What is needed |
Set down, exactly and with nothing added, the lines running from the one that holds "Polyclonal Rabbit anti-Human" to the final line of the records. Pictures stay out of the copy.

Scraped caption text data
..........

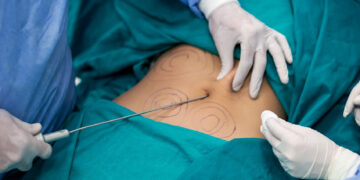 Артық салмағынан арыламын деп ажал құшты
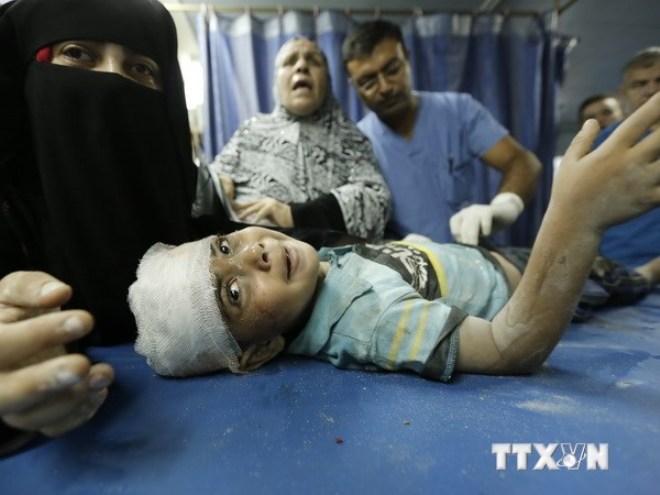 Em bé Palestine bị thương trong cuộc không kích của Israel tại bệnh viện ở Gaza ngày 4-8. (Ảnh: AFP/TTXVN)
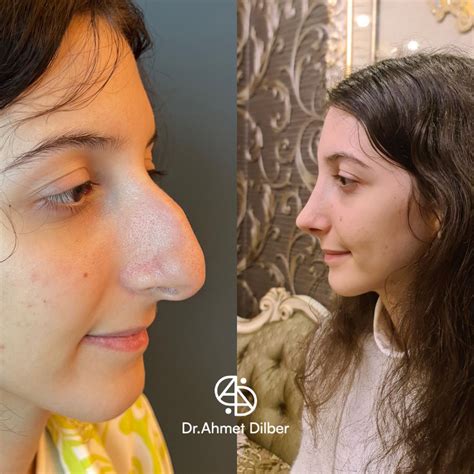 Rhinoplasty Result | Büyük burunlar, Saç, Cerrahi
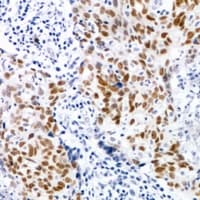 Polyclonal Rabbit anti-Human CDK7 Antibody (IHC, WB)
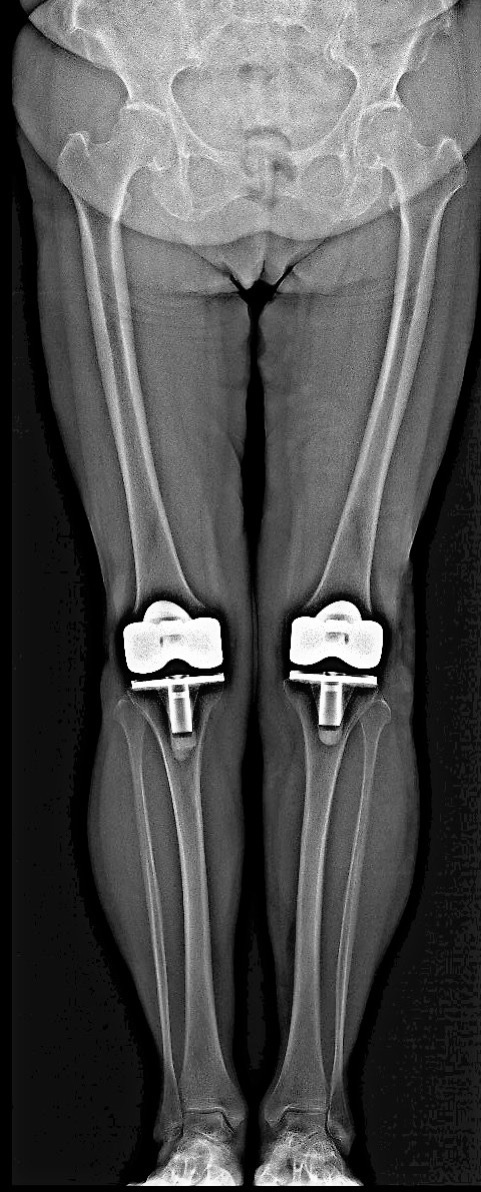 Knee Pain Following Total Knee Arthroplasty Secondary to Cervical Spondylotic Myelopathy.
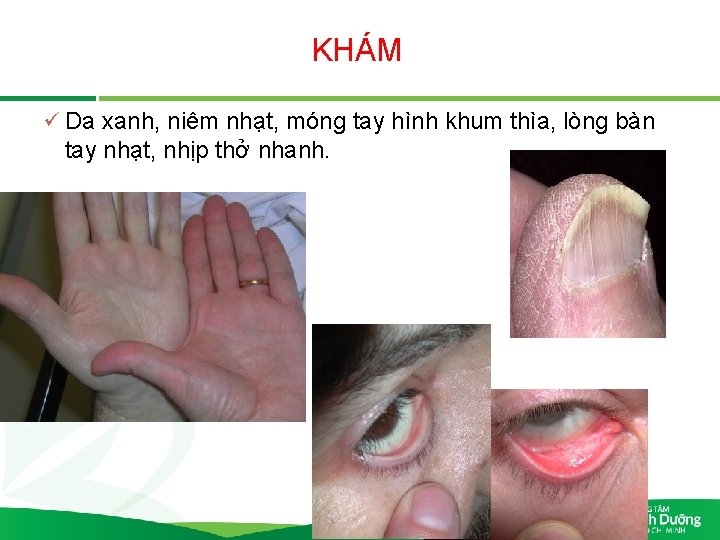 KHÁM ü Da xanh, niêm nhạt, móng tay hình khum thìa, lòng bàn tay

..........

Output for this task |
 Polyclonal Rabbit anti-Human CDK7 Antibody (IHC, WB)
 Knee Pain Following Total Knee Arthroplasty Secondary to Cervical Spondylotic Myelopathy.
 KHÁM ü Da xanh, niêm nhạt, móng tay hình khum thìa, lòng bàn tay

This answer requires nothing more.